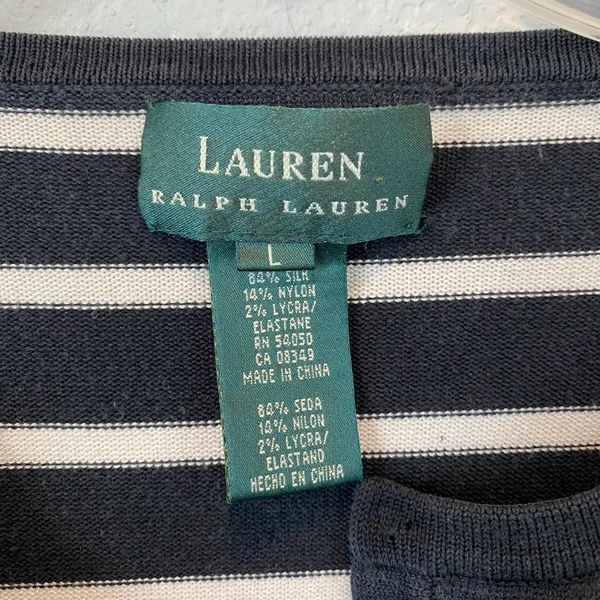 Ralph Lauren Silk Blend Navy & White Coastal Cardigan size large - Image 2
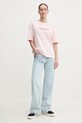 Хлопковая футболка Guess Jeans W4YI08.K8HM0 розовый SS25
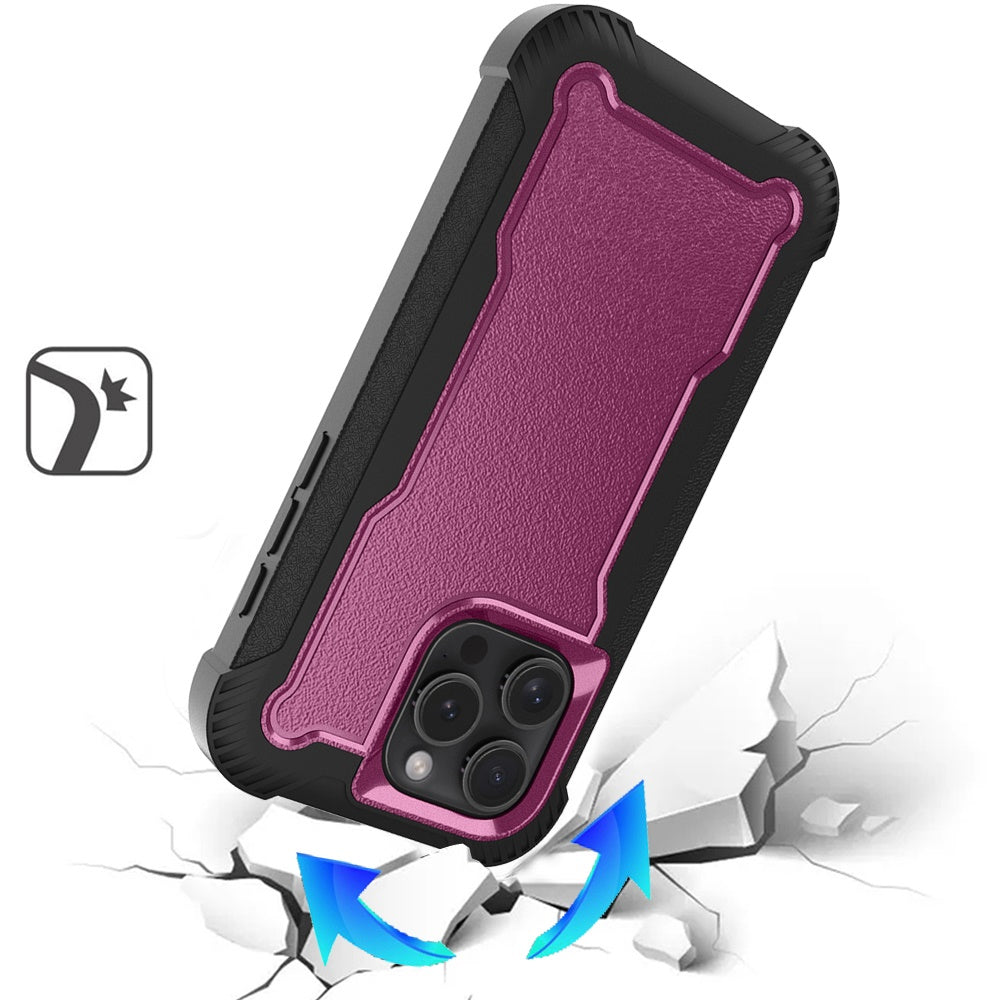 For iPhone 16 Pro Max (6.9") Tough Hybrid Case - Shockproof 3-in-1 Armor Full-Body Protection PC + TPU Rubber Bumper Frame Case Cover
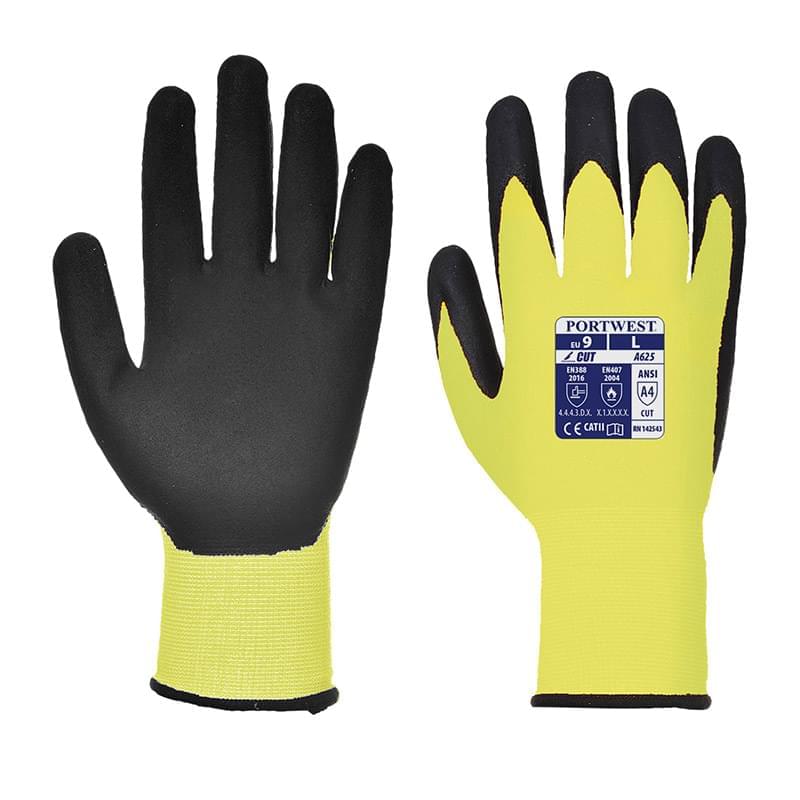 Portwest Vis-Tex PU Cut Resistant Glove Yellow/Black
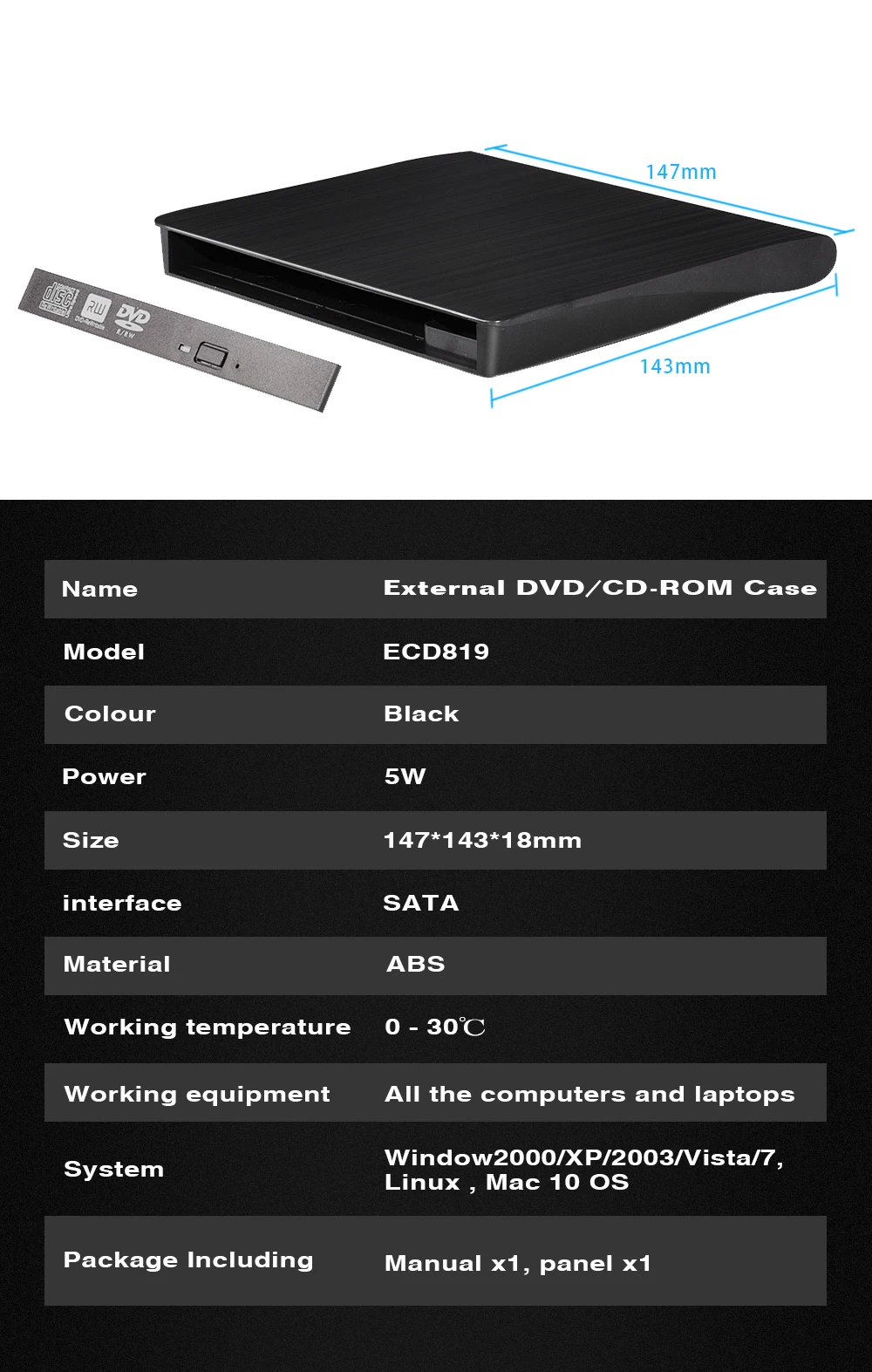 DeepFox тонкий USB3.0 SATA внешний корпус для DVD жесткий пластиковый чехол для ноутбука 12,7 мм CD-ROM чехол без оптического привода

= = =

▶ **Action item**:
Leave out every picture, and copy exactly the lines from the line that contains "Хлопковая футболка Guess" through the end of the material.

▶ **Task result**:
 Хлопковая футболка Guess Jeans W4YI08.K8HM0 розовый SS25
 For iPhone 16 Pro Max (6.9") Tough Hybrid Case - Shockproof 3-in-1 Armor Full-Body Protection PC + TPU Rubber Bumper Frame Case Cover
 Portwest Vis-Tex PU Cut Resistant Glove Yellow/Black
 DeepFox тонкий USB3.0 SATA внешний корпус для DVD жесткий пластиковый чехол для ноутбука 12,7 мм CD-ROM чехол без оптического привода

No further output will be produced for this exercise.